Orchestration substrate

Status

Not built as of 2026-05-20 — but substrate is decided. HOMELAB-SPEC Layer 5 references a task contract, queue substrate, DLQ, and per-mode workers that this cluster does not yet implement. This document names the gap, describes what exists today, and sketches the forward-looking shape so we don't lose the specs while we wait.

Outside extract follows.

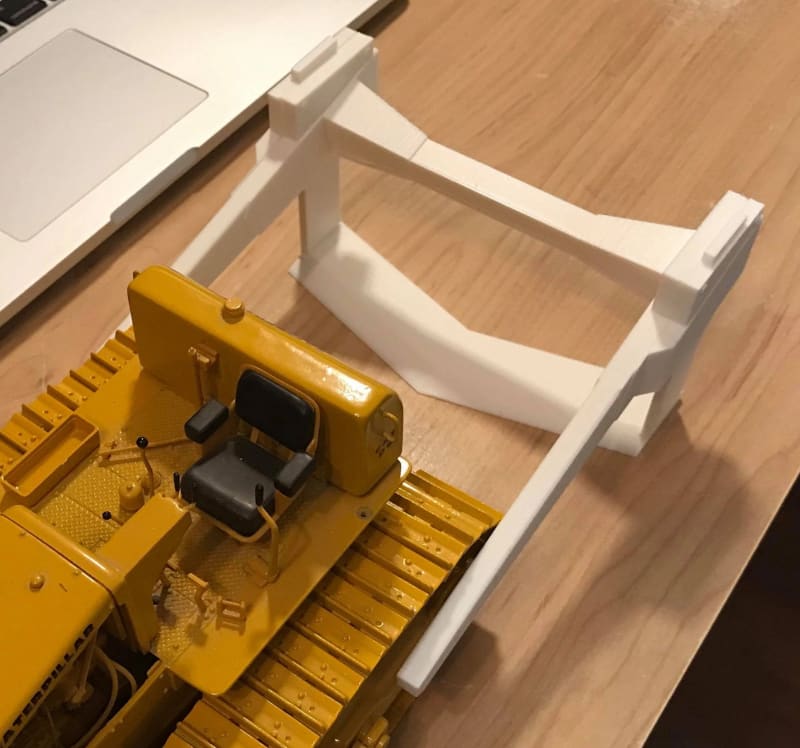 Load image into Gallery viewer, D8 - ROOT PLOW SCALE MODEL | DOZER PARTS BLADE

Substrate decision (2026-05-20): CNPG LISTEN/NOTIFY — see task_queue_substrate_design.md for the full evaluation. Phase 4 of the rollout plan builds it out.

What exists today

The closest things to a task pipeline in this cluster:

  • AlertManager → HolmesGPT for alert triage. AlertManager fires → HolmesGPT investigates → result posts to Zulip / Pushover.
  • Zulip Triager bot → Windmill → langgraph-agents /inbox for DM-shaped intents. The Triager outgoing-webhook converts DMs to HTTP and Windmill brokers to langgraph. See memory entry project_zulip_triager_webhook_done.
  • ntfy → langgraph approval endpoint for tap-to-approve actions on Android. HMAC-signed, single-use. See memory entry project_ntfy_pushover_migration_done.
  • HA voice + ntfy notifications for Renee-facing surfaces. Currently end-user-driven, not agent-mediated.

None of these speak a common task contract. None have a DLQ. None queue durably across a worker crash. None carry an OpenTelemetry trace_id end-to-end.

What would exist when built

Per HOMELAB-SPEC Layer 5:

  • Durable queue with at-least-once delivery, DLQ, visibility timeouts that return crashed-worker tasks within minutes.
  • Ingress wrappers that wrap raw user input (Open WebUI, HA voice, Android, AlertManager) in a task envelope before enqueueing. Raw surface input never reaches an agent.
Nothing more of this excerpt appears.